Sous ce nom plus impérieux, Dick D. avait mis sous ses ordres une troupe minable et servile, quelques gars et filles qui tenaient à peine debout, censés lui tenir lieu de gardes du corps. Dick était une brute plutôt redoutable, un dealer aux méthodes radicales, capable de plier un type entre ses doigts, un homme gras et compact, assez intelligent pour mener son affaire, pas assez pour saisir que les autres existaient. Il se serrait les poignets dans des bracelets à pointes et les cuisses dans des pantalons de cuir. On pouvait supposer que le D. était mis là pour Dictateur, Divin ou Démon. Par quelque coup du destin assez moche, la fille rousse s’était soumise corps et âme à Dick D. Il était son revendeur, son homme, son dieu, son bourreau et son protecteur. C’était lui que le commissaire Adamsberg avait démoli à deux heures du matin, dans une cave.

Un assaut sanglant était déjà engagé entre la bande de Dick D. et celle d’Oberkampf quand les flics avaient enfoncé la porte, armes aux poings. Les types n’étaient pas des marrants, tous outillés jusqu’aux dents. Dick avait visé un flic, Adamsberg l’avait pointé aux jambes. Un crétin avait alors balancé sur le commissaire une table de bar en fonte qui avait éjecté Adamsberg à trois mètres en arrière et la balle de son automatique à quatre mètres en avant, dans le bide de Dick D.

Au final, un mort et quatre blessés, dont deux chez les flics.

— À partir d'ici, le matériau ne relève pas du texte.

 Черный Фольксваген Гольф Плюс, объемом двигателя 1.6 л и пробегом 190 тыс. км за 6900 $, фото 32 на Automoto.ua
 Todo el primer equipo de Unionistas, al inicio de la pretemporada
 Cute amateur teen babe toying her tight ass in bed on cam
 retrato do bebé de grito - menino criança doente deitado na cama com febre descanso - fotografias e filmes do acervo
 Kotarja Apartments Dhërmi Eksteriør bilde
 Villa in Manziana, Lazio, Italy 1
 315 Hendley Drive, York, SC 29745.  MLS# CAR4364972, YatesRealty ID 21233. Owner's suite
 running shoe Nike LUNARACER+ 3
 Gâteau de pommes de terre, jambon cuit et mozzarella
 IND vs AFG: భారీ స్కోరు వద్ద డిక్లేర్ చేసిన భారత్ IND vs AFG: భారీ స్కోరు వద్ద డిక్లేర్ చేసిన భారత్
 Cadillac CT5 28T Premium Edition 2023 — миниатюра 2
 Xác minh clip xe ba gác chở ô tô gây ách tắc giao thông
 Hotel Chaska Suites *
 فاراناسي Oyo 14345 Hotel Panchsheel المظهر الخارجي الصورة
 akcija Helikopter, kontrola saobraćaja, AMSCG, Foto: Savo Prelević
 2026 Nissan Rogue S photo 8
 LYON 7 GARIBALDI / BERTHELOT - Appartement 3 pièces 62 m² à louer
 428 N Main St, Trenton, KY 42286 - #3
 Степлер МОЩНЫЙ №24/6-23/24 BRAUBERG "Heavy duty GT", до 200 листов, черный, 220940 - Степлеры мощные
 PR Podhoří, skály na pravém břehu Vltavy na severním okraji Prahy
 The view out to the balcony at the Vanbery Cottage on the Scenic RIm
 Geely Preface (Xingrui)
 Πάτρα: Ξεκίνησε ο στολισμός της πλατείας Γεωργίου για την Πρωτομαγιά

Depuis, le commissaire Adamsberg vivait avec un homme sur la conscience et une fille sur le dos. C’était la première fois en vingt-cinq années de maison qu’il abattait un homme. Il avait certes bousillé des bras, des jambes, des pieds, pour pouvoir conserver les siens, mais jamais un type au complet. Bien sûr c’était un accident. Bien sûr c’était la table en fonte qu’avait lancée l’autre abruti. Bien sûr Dick le Dingue, le Dément, le Disgracieux, les aurait mitraillés comme des rats et c’était un salaud. Bien sûr c’était un accident, mais fatal.

Et maintenant, la fille était après lui. Toute la maigre bande s’était dispersée après la mort de Dick, sauf cette femme vengeresse et les deux crampons qu’elle halait derrière elle. La femme vengeresse possédait une importante artillerie récupérée des décombres de la troupe, mais on n’avait pas encore pu localiser son terrier. Et chaque fois qu’on l’avait arrêtée, en planque sur l’un des trajets d’Adamsberg, elle s’était défaite de son arme avant qu’on la saisisse en flagrant délit. Elle planquait toujours contre une poubelle, les mains dans le dos. Quand les flics étaient sur elle, le flingue était déjà ailleurs. Situation grotesque mais pas moyen de l’inculper. Adamsberg d’ailleurs freinait ses collègues. Ça ne servait à rien de l’arrêter. Elle sortirait et elle tirerait, un jour ou l’autre. Qu’on la laisse donc dehors et qu’elle tire, bon sang. On verrait bien qui, d’elle ou de lui, l’emporterait. Et au fond, cette femme vengeresse qui voulait sa vie le lavait de sa faute. Non qu’il ait décidé de se laisser descendre. Mais cette longue traque, jour après jour, le brossait, le récurait.